Carola anunció que vendría con un amigo. —¿Un amigo? ¿Cómo que un amigo…?
—Tranquilo, papá, no es mi novio ni nada…
—Pero ¿Dónde va a dormir…?
—Dijiste que podía traer a alguien.
—Pensé que traerías a una amiga, como siempre…
—Puede dormir conmigo… y antes de que digas nada, es gay, ¿vale? —No me dejó tiempo para replica y comenzó a discutir conmigo, o más bien con una versión de mí que existía solo en su imaginación y que discutiría este tipo de asuntos con ella. —¿En serio crees que no puedo dormir en la misma habitación con un tío sin echarme encima de él…? —Puede que resulte extraño, pero no me sentía cómodo discutiendo la vida privada de mi hija. Vale, ya no era una niña pequeña, era una adulta y vivía por su cuenta. Desde que su madre y yo nos separamos, cuando ella tenía solo dos años, nuestra relación había sido intermitente, discreta, distante, aséptica incluso.
Sin duda era culpa mía. Siempre me había dicho a mí mismo que me constaba relacionarme con una niña, aunque dudo que hubiese ido mejor de tratarse de un varón. Carecía por completo de esa capacidad que tienen algunos para ponerse al nivel de un crío. Para ser honesto, el tiempo que pasaba con mi hija cuando era pequeña siempre me resultó aburrido y recurría a contratar canguros y niñeras que la distrajeran y supieran interesarse por un juego infantil. Me encantaba, no obstante, mirarla desde la distancia, ver como descubría el mundo y se asombraba con cada pequeña insignificancia, con esa entrega absoluta que solo tienen los niños. Pero sin duda, tengo que agradecerle que haya sido siempre ella quien pusiese tanto empeño en que mantuviésemos el contacto con el paso de los años. Aun ahora a sus veintidós años seguía dedicada a cultivar nuestra relación como una jardinera meticulosa, atenta a los detalles de las celebraciones y fechas emblemáticas que a mí se me escapaban.
—Papá… pero ¿por qué están todas las luces apagadas? —fue lo primero que dijo al entrar en la casa de la playa, en la que solíamos compartir algunas semanas de vacaciones a lo largo del año. Como de costumbre, según entraba por la puerta empezaba a echarme la bronca. Aunque no faltaba nunca el abrazo y el beso. Ya no era ese abrazo efusivo y con carrerilla de cuando era pequeña, pero seguía cargado de un afecto al que me costaba corresponder. — Te lo dije, Seb, mi padre es un desastre… —El tal Seb —el amigo— era un chico menudo, con la cabeza asaltada por rizos dorados, de ojos grandes, oscuros, aunque despiertos, que me sonrió sin prisa de forma casi infantil.

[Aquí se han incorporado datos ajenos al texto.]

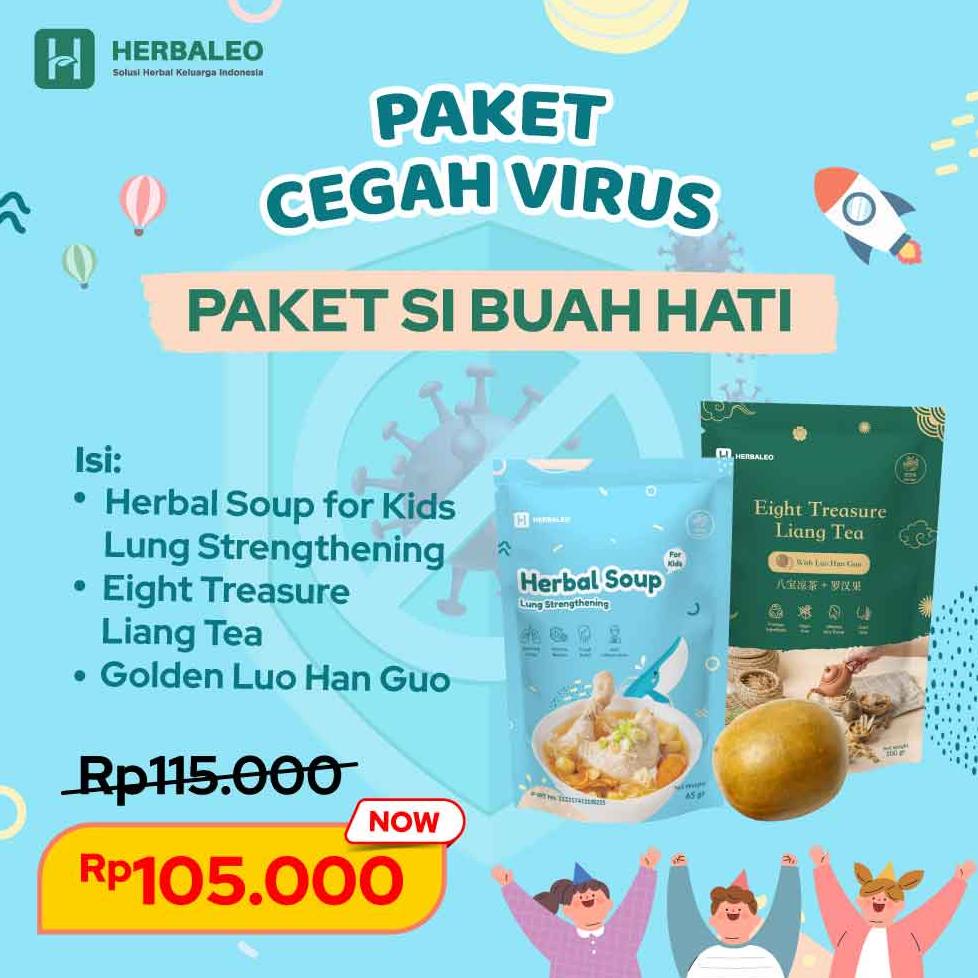 

Herbaleo Paket Cegah Virus - Paket Si Buah Hati Best Seller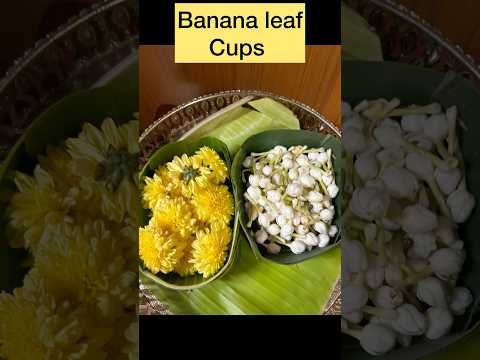 Eco friendly Banana Leaf Cups #traditional  #handmade  #biodegradable  #organic #viralshortsvideo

—Señor Forton, es un honor… —exclamó el joven —me encantan sus libros, de verdad. “La montaña del alma…” me la he leído dos veces…
—Pues eso tiene metrito, Carola tardó casi un año en terminarlo…
—¡Son como setecientas páginas…! —protestó mi hija, que, si bien siempre ha sido fan de su padre, no lo ha sido tanto de mi literatura. —A Seb le va tu rollo, le gusta leer a Proust y esas cosas…
— Carola prefiere las novelas rosas… —bromeó su amigo.
—¿Para qué leer un libro si no hay un tío bueno del que enamorarse…?
— Vale… ese es un buen argumento… —contestó él. Siguieron riendo y tomándose el pelo un rato antes de que ella continuara con la inspección de la casa —¿No has hecho la compra…? Apuesto a que ni siquiera has comido… —No sé muy bien en qué momento mi hija se había convertido en mi madre, era un rol que claramente disfrutaba y ya estaba como siempre dando órdenes y regañándome por mi dejadez. En solo unos minutos Carola y su amigo habían invadido el espacio que justo antes permanecía tan íntimo y privado como el subconsciente, para revolucionarlo todo.
Hacía tiempo que me había hecho a la idea de que las semanas que ella pasaba conmigo era imposible avanzar en mi trabajo. No me importaba, la verdad, formaba parte de esa realidad alternativa a la que asomaba como un espectador sediento de experiencias, como si yo fuera un tetrapléjico emocional que necesitaba vivir a través de los otros. Las cuidadoras de su infancia fueron sustituidas por las amigas de la adolescencia, las fiestas de pijamas y las compañeras de carrera. Durante unos días ella me dejaba asomar a su vida cotidiana y yo disfrutaba de esa pequeña rebelión contra mi soledad. Me bastaba con contemplar su felicidad y su cháchara vulgar llena de esa vitalidad de la que yo carecía.
Pero la presencia de Seb en esta ocasión, no tardó en despertar otra clase de revoluciones a las que no conseguía permanecer indiferente.